Clients and their needs change over time. It is therefore important that the advisor periodically returns to the first step "discovery" to make sure the client's then-current needs and wishes are being addressed. Every year or two, the IPS should be reviewed by the client and the advisor to ensure continued agreement with its provisions.

Required components
Nothing should be included in the IPS to which the advisor or client cannot commit and be sure will be implemented.

An IPS usually has five major components that should be unique to each client.

1. All key factual data about the client, including where the client's assets are held, the amount of their assets under the management of portfolio manager, and the identification of the trustees or interested parties to the account. This can be as detailed or as simple as desired.

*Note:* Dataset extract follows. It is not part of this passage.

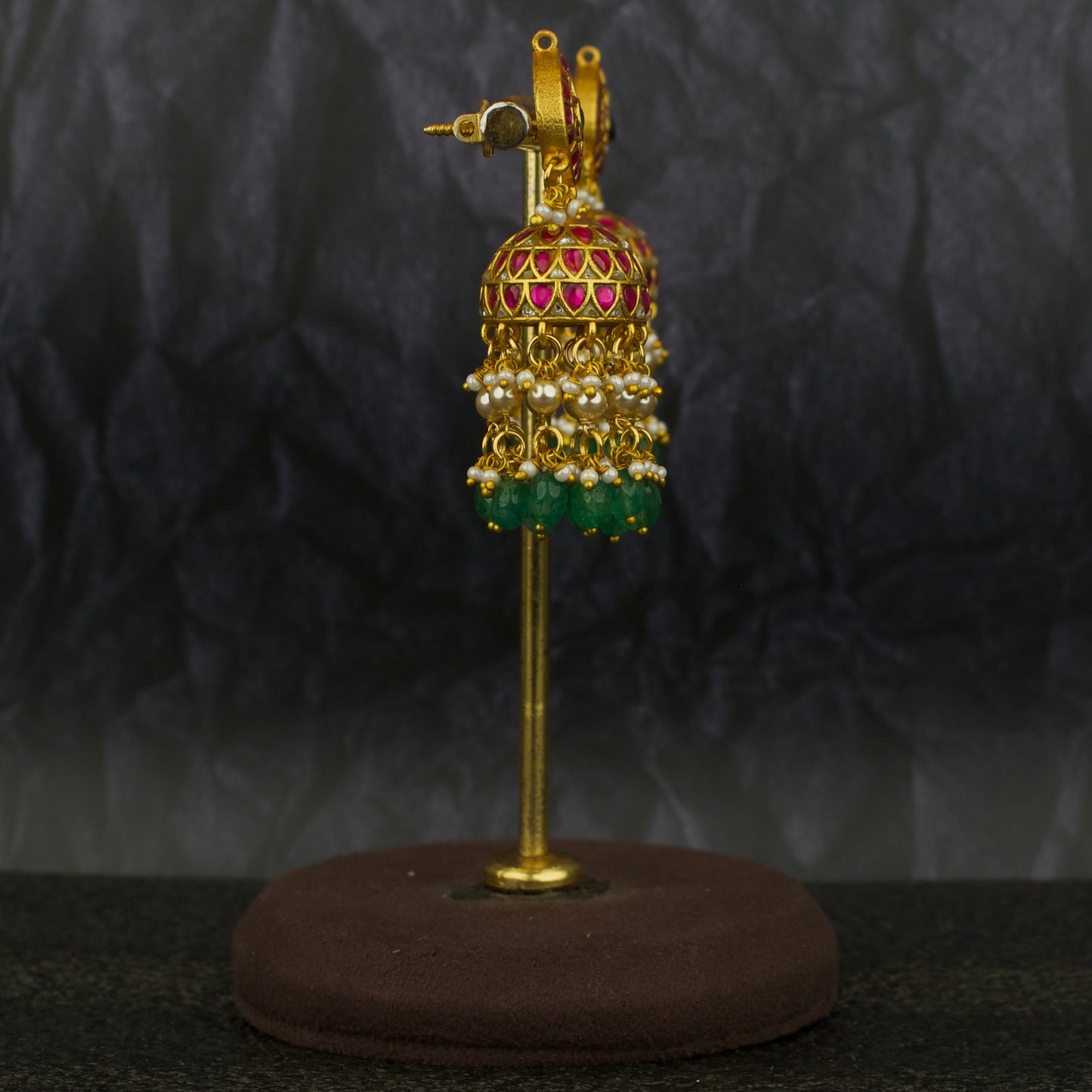 Charming Jadau Kundan Jhumki With Swarovski Pearl & Beads Hanging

2. A discussion and review of the client's investment objectives, investment time horizon, anticipated withdrawals or deposits, need for reserves or liquidity, and attitudes regarding tolerance for risk and volatility.

3. Any constraints and restrictions on the assets, such as liquidity and marketability requirements, diversification concentrations, the advisor's investments strategy (including tax management), locations of assets by account type (taxable versus tax-deferred), how client accounts that are not being managed (if any) will be handled, and any transaction prohibitions.

4. The security types and asset classes to be included in or excluded from the portfolio, and the basic allocation among asset categories and the variance (rebalancing) limits for this allocation.

5. The monitoring and control procedures and responsibilities of each party.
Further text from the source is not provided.